Breast cancer is the second major cause of death in women, coming in second only to lung cancer 
[1]. Cancerous breast cells multiply unrestrained, which is one of the most telling signs that something is 
wrong with your breasts. Until today, it has been impossible to stop the growth of breast cancer. Breast tissue 
tumors should be found as early as possible to maximize the chances of survival, as this disease accounts for 
roughly 15% of all cancer-related fatalities [2]. Tissue biopsies can be used to detect cancer in its earliest 
stages, increasing the possibility of a positive result.

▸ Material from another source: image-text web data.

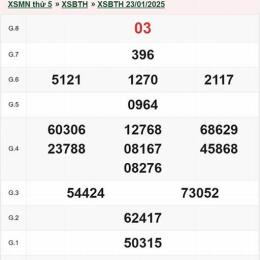 xổ số bình định ngày 23 tháng 04 năm 2026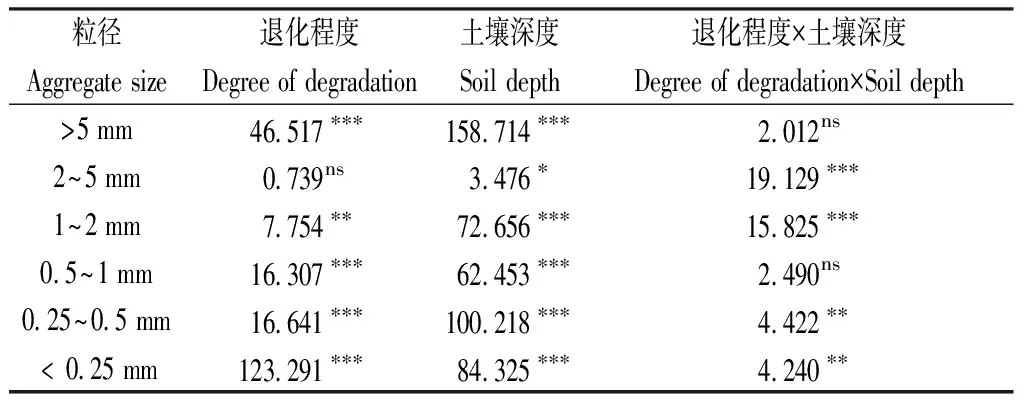 图片[9]-不同退化程度高寒草甸土壤团聚体及其有机碳分布特征-游戏花园
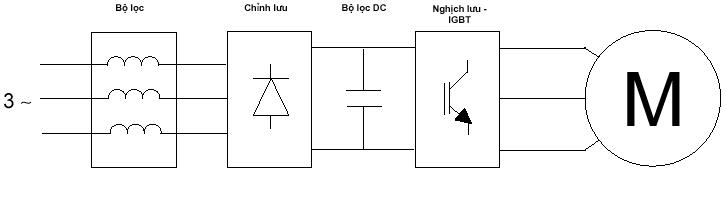 Nguyên lý làm việc và khả năng tiết kiệm điện của biến tần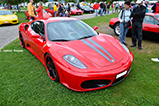 Event: Euro Ferrari Day 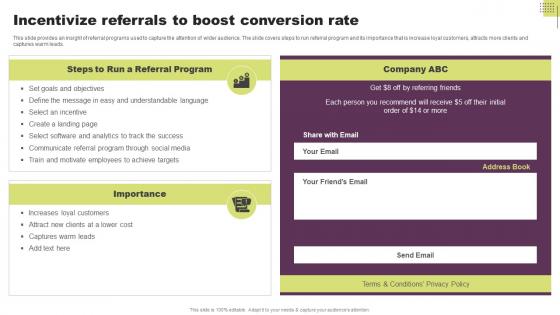 Incentivize Referrals To Boost Conversion Rate Guide To Direct Response Marketing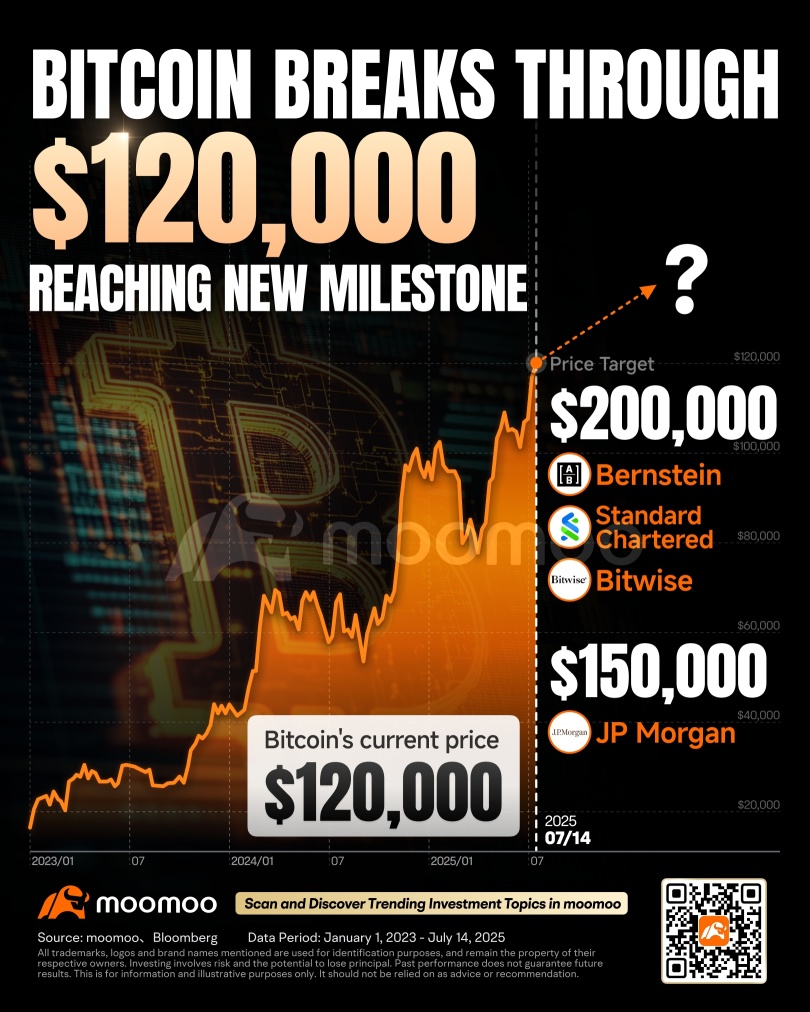 Crypto Weekly Digest | Bitcoin Breaks New Highs, Ethereum Surpasses $3,000; "Crypto Week" Approaches, Three Major Bills Reshape Global Regulatory Landscape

It is possible to identify this disease using various 
methods, including a biopsy, ultrasound, thermography, and fine-needle aspiration biopsies [3]. While 
mammography has been the primary mode of early detection, it is not always enough for doctors to conclude 
whether or not the patient has breast cancer [4], [5]. As a result, the detection rate is just (60-70)% accurate 
[6]. The patient will need to take additional testing, which is expensive and time-consuming [7]. 

A biopsy is the only effective method of determining if a woman has breast cancer [8]. A biopsy 
sample is obtained using specialized needle equipment using an imaging test such as X-rays or other imaging 
methods. A small metal marker may be inserted into the breast to facilitate future imaging examinations. 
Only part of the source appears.